Raw data ->
—————
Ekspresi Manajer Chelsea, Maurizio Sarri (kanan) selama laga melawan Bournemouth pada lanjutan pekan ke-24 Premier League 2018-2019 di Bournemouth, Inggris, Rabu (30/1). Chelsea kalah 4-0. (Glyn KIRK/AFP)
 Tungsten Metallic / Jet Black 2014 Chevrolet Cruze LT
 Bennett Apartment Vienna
—————
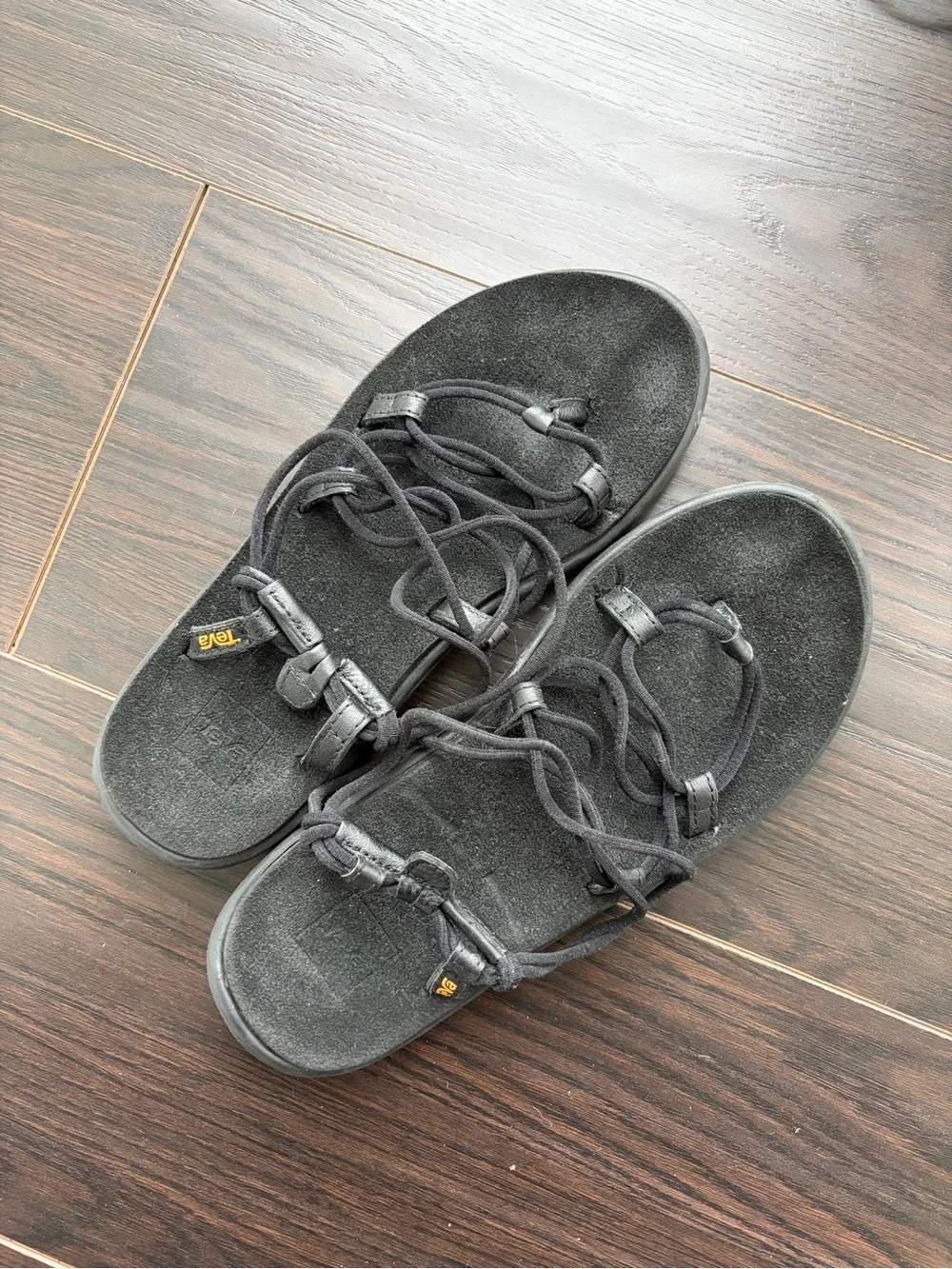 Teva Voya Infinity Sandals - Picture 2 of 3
—————
Transcribe the lines above between the line holding "Ekspresi Manajer Chelsea, Maurizio" and the line holding "Bennett Apartment Vienna", inclusive, exactly as they stand and with nothing added.

Answer space ->
Ekspresi Manajer Chelsea, Maurizio Sarri (kanan) selama laga melawan Bournemouth pada lanjutan pekan ke-24 Premier League 2018-2019 di Bournemouth, Inggris, Rabu (30/1). Chelsea kalah 4-0. (Glyn KIRK/AFP)
 Tungsten Metallic / Jet Black 2014 Chevrolet Cruze LT
 Bennett Apartment Vienna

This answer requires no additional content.